O primeiro obstáculo tem sido a ideologia do fundamentalismo de mercado. Desde o início da década de 1980, a política tem sido dominada pelo dogma de que os mercados estão sempre certos e a intervenção económica do governo quase sempre errada. Esta doutrina disseminou-se com a contra-revolução monetarista contra a economia keynesiana que resultou das crises inflacionárias da década de 1970. Inspirou a revolução política de Thatcher-Reagan, que por sua vez ajudou a impulsionar um período de expansão económica de 25 anos a partir de 1982.
Mas o fundamentalismo de mercado também inspirou perigosas falácias intelectuais: que os mercados financeiros são sempre racionais e eficientes; que os bancos centrais devem preocupar-se simplesmente com a inflação e não com a estabilidade financeira e o desemprego; e que o único papel legítimo da política orçamental é equilibrar os orçamentos, e não estabilizar o crescimento económico. Mesmo que estas falácias tenham feito explodir a economia fundamentalista de mercado depois de 2007, as políticas fundamentalistas de mercado sobreviveram, impedindo uma resposta política adequada à crise.

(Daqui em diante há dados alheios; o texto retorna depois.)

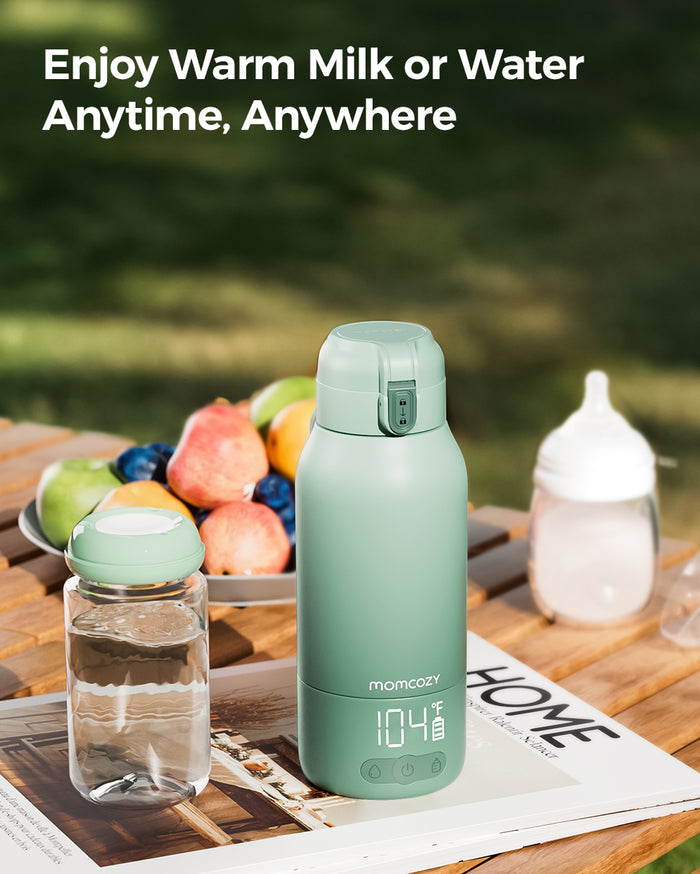 Momcozy portable breast milk and water warmer in mint green, LCD display, ideal for travel and quick warming of milk.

Isso não deve ser surpreendente. O fundamentalismo de mercado não era apenas uma moda intelectual. Poderosos interesses políticos motivaram a revolução no pensamento económico da década de 1970. A evidência supostamente científica de que a intervenção económica do governo é quase sempre contraproducente legitima uma enorme mudança na distribuição da riqueza, dos trabalhadores industriais para os proprietários e gestores do capital financeiro, e do poder, do trabalho organizado para os interesses comerciais. O economista polaco Michal Kalecki, um co-inventor da economia keynesiana (e um parente distante meu), previu essa reversão ideológica com motivações políticas com uma estranha precisão em 1943:
"O pressuposto de que um governo manterá o pleno emprego numa economia capitalista, se souber como fazê-lo, é falacioso. Sob um regime de pleno emprego permanente, os despedimentos deixariam de desempenhar o seu papel como medida disciplinar, levando a ‘booms’ pré-eleitorais induzidos pelo governo. Os trabalhadores perderiam o controlo e os capitães da indústria ficariam ansiosos para lhes ‘darem uma lição’. É provável que se forme um bloco poderoso entre grandes empresas e interesses rentistas, e provavelmente encontrarão mais de um economista para declarar que a situação era manifestamente frágil".

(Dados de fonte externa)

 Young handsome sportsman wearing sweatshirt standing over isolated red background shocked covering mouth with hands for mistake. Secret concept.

O economista que declarou que as políticas governamentais para manter o pleno emprego eram "manifestamente frágeis" foi Milton Friedman. E a revolução fundamentalista de mercado que ajudou a liderar contra a economia keynesiana durou 30 anos. Mas, tal como o keynesianismo foi desacreditado pelas crises inflacionárias da década de 1970, o fundamentalismo de mercado sucumbiu às suas próprias contradições internas na crise deflacionária de 2007.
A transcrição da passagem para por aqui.